Professor Pringle (Professor in Archaeology) is the leading authority on the archaeology, architecture and topography of the Crusader States in the Levant. Among his numerous publications are Fortification and Settlement in Crusader Palestine (Ashgate, 2000); Belmont Castle: the Excavation of a Crusader Stronghold in the Kingdom of Jerusalem (with Richard Harper: Oxford, 2000); The Churches of the Crusader Kingdom of Jerusalem: A Corpus, vol. 1 (Cambridge, 1993), vol. 2 (1998), vol. 3 (2007); Secular Buildings in the Crusader Kingdom of Jerusalem (Cambridge, 1997). He is currently Honorary Secretary of the Council for British Research in the Levant.

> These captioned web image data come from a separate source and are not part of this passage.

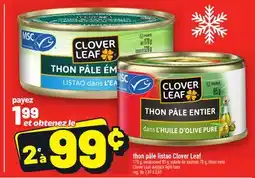 Metro THON PÂLE LISTAO CLOVER LEAF | CLOVER LEAF SKIPJACK LIGHT TUNA offer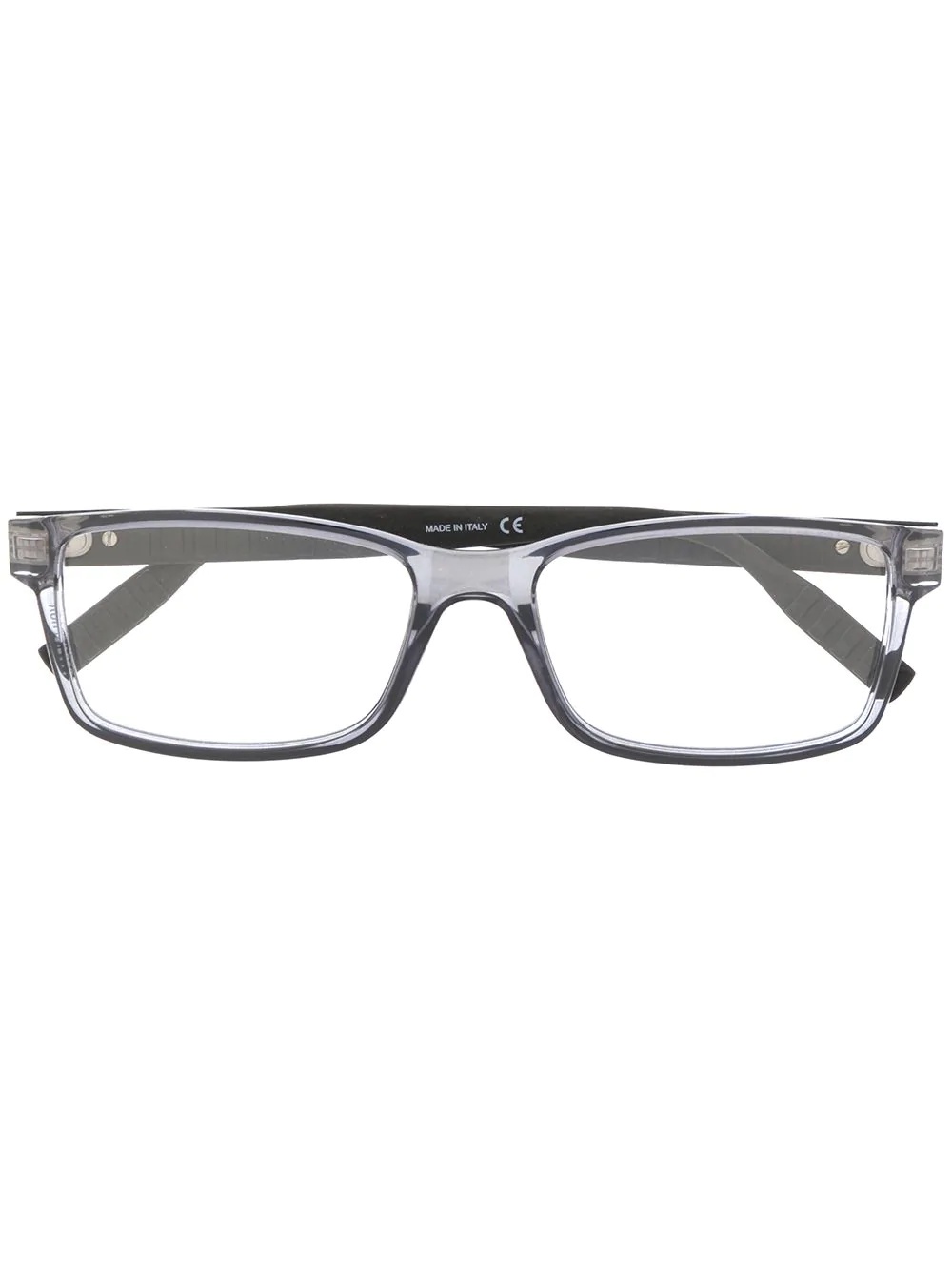 rectangular-frame prescription glasses - 1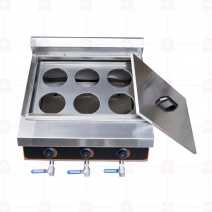 MP-6H 電力式煮麵機 (有附麵切 )60x60x39cm/220v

Other staff in the Cardiff School of History and Archaeology with interests which intersect with the history of Crusades include:
Professor Coss's work on English knightly society includes precisely the sort of families whose members participated in crusades or in pilgrimages to the Holy Land or who joined the Military Orders.

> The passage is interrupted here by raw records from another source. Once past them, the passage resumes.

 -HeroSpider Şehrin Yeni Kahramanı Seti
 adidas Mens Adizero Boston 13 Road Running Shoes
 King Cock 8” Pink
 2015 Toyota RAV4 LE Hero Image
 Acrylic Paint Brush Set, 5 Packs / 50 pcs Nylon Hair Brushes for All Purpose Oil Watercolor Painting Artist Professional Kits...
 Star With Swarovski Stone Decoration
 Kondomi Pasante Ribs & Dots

Dr Aird has recently completed a biography of Robert Curthose, a leader of the First Crusade.
Research Projects
Major Research Projects currently in hand by members of the Centre include the Ramla Urban project, directed by Denys Pringle and involving Peter Edbury and Andrew Petersen and scholars from the Universities of Glasgow, Oxford, St Andrews and Jerusalem, and the `Aqaba Castle project, directed by D. Pringle with Dr Johnny De Meulemeester of the University of Ghent and involving scholars from the Department of Antiquities of Jordan and the Oriental Institute in Chicago.
Peter Edbury's new edition of the Livre des Assises by John of Ibelin (Brill) appeared in September 2003, and more recently has been investigating the manuscript tradition of the Old French William of Tyre; his current projects include a new edition of the legal treatise by Philip of Novara.
Helen Nicholson is preparing a complete edition of the Templar trial proceedings in the British Isles, 1308-1311. Denys Pringle is preparing the fourth volume in his project on the Churches of the Crusader Kingdom of Jerusalem (Acre and Tyre) and beginning a project on thirteenth-century pilgrims to Jerusalem and the Holy Land. In 2007 Helen Nicholson, with Jochen Burgtorf and Paul Crawford, organised a series of conference sessions in commemoration of the beginning of the trial of the Templars. They are now editing the papers presented at these sessions for publication.
Conferences and Workshops
The Military Orders: Politics and Power: The Cardiff Centre for the Crusades hosted the fifth international conference of the Society for the Study of the Crusades in the Latin East on the Military Orders. It followed a similar pattern to the previous meetings held at St John's Gate (London), with three plenary sessions, and parallel sessions for communications. The conference was extremely successful. Almost 100 people attended: from Europe, North Africa, Canada and the USA. The proceedings of the conference will be edited by Professor Peter Edbury, assisted by an editorial committee. The costs of publication are assisted by a grant from the Seven Pillars of Wisdom Trust.